第一百九十八章 惩罚

作品:《路过东宫,太子前夫非说我勾引他

    然而,她的话音还未落下,手腕便被一股大力攥住。


    下一瞬,天旋地转,整个人都被打横抱了起来。


    “啊!”


    沈燕宜惊呼一声,下意识地搂住了他的脖子。


    周砥就这么抱着她,完全不顾自己腰上的伤,大步流星地便朝着内殿的浴池走去。


    温热的呼吸扑面而来,沈燕宜瞬间意识到情况不对。


    他腰上有伤,怎么能这样抱着自己?


    更何况,他眼底那抹幽光,让她心头警铃大作。


    “周砥!快放我下来!”


    她尝试挣扎着,却又不敢太大的动作,怕扯到他的伤口。


    然而,面对怀中人儿的挣扎,周砥却将她抱得更紧,让她动弹不得。


    他低头,凑到她耳边,声音里夹杂着几分引诱的意味:“方才不是很有力气吗?现在知道怕了?晚了,这是罚你的。
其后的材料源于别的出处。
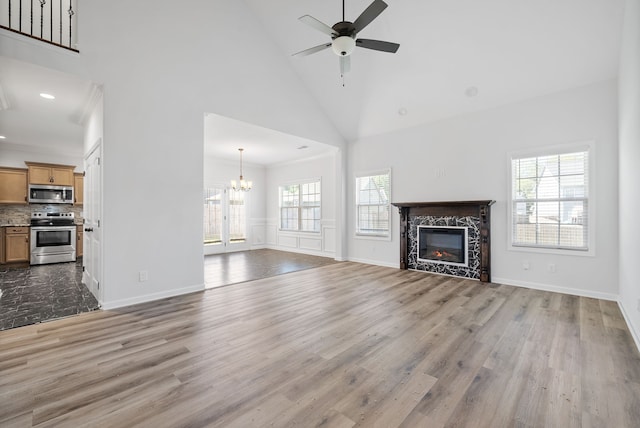 unfurnished living room with high vaulted ceiling, ceiling fan with notable chandelier, a fireplace, and wood-type flooring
”


    罚她?


    就因为她包扎伤口时那不轻不重的一下?


    这个男人,当真是幼稚到了极点!


    沈燕宜还想再说什么,人却已经被他抱进了内殿的浴池。


    温热的水汽瞬间将两人包裹,周砥抱着她,一步步走入水中。


    池水没过两人的身体,隔着薄薄的寝衣,肌肤相贴的触感变得格外清晰。


    他腰上的伤口被水浸湿,想必是疼的,可他却连眉头都未曾皱一下,一双深邃的眸子只是牢牢地锁着她,像是猎人盯住了自己的猎物。


    “你……”


    沈燕宜又气又急,脸颊在水汽的蒸腾下红得快要滴出血来。


    起初,她还在尝试反抗,可她的那点力气,在他面前根本不值一提。


    他的吻霸道而强势地落下,带着巨大的占有欲,将她所有的抗议尽数吞没。


    水波轻轻荡漾,在烛光下泛着粼粼的光。


    沈燕宜的挣扎渐渐变得无力,意识在一次又一次的冲击中变得模糊。


    她不知道是这池水太暖,还是这个男人的怀抱太过滚烫,让她浑身都提不起一丝力气,只能任由他予取予求,在浮沉中彻底沦陷。


    她像一叶无助的扁舟,被卷入他掀起的狂风巨浪之中,除了攀附着他,再无他法。


    ……


    后半夜,一切终于归于平静。


    沈燕宜筋疲力尽地躺在床榻上,被周砥从身后紧紧地抱着。


    他的胸膛温热而坚实,手臂环在她的腰间,带着一种令人安心的力量。


    这一次,她没有任何抗拒,甚至没有半分力气去抗拒,任由自己沉沉睡去。


    然而,睡梦之中,她却并不安稳。


    滔天的火光,凄厉的惨叫,浓重的血腥味……


    那熟悉又可怖的场景再次将她吞噬。


    她看见沈家的大门轰然倒塌,看见满地的尸体和流淌的鲜血,看见父母兄长倒在血泊之中,死不瞑目。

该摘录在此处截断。